Traditionally, the subsidies have been spread across the entire U.K., which means that a victory for the pro-independence movement could have stuck Scotland with a significant portion of a market to finance.
“He noted that independence would have added further concerns to a market already facing significant challenges, saying: “The renewables sector still has to face the difficult choices that the new contract for difference (CfD) feed-in tariff regime, the threat of budgetary constraints and further solar subsidy revisions bring… UK’s energy sector was not looking forward to having to digest the impact of an independent Scotland. We know how prolonged policy uncertainty can impact the attractiveness and viability of renewables investment and cause project delays” (renewableenergyworld.com).
Scotland has, for years, been a leader in tackling the issue of climate change through their vast renewable involvement and can now continue along the same path. No change in government allows for business and research to continue as usual, instead of fretting the potential change in policy that would have likely followed the budgetary restrictions Scotland would have faced.

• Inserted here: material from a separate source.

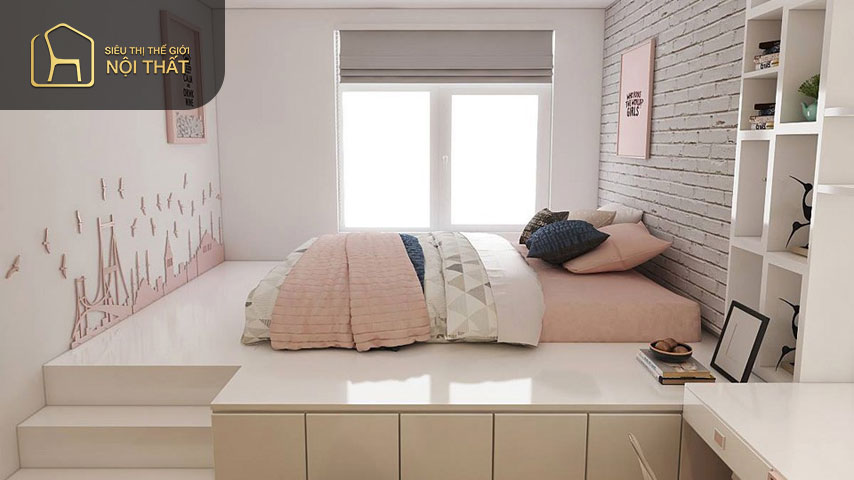Thiết kế phòng ngủ diện tích 6m2 cho bé gái nên lựa chọn nội thất nhẹ nhàng và nữ tính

“The leadership Scotland shows is exactly what we need from regional governments in tackling climate change, and now that it will remain part of the union we hope that Scotland will continue to set a clear example on the benefit low carbon technologies can provide, both in terms of sustainable resources and economic growth” (renewableenergyworld.com).
Undoubtedly there was very strong sentiment behind Scotland’s attempted acquisition of independence, however some good has come from the down-vote. There remains a bright future for the progress of renewable assets in Scotland, which has potential to spread to surrounding nations. Scotland remains a role model.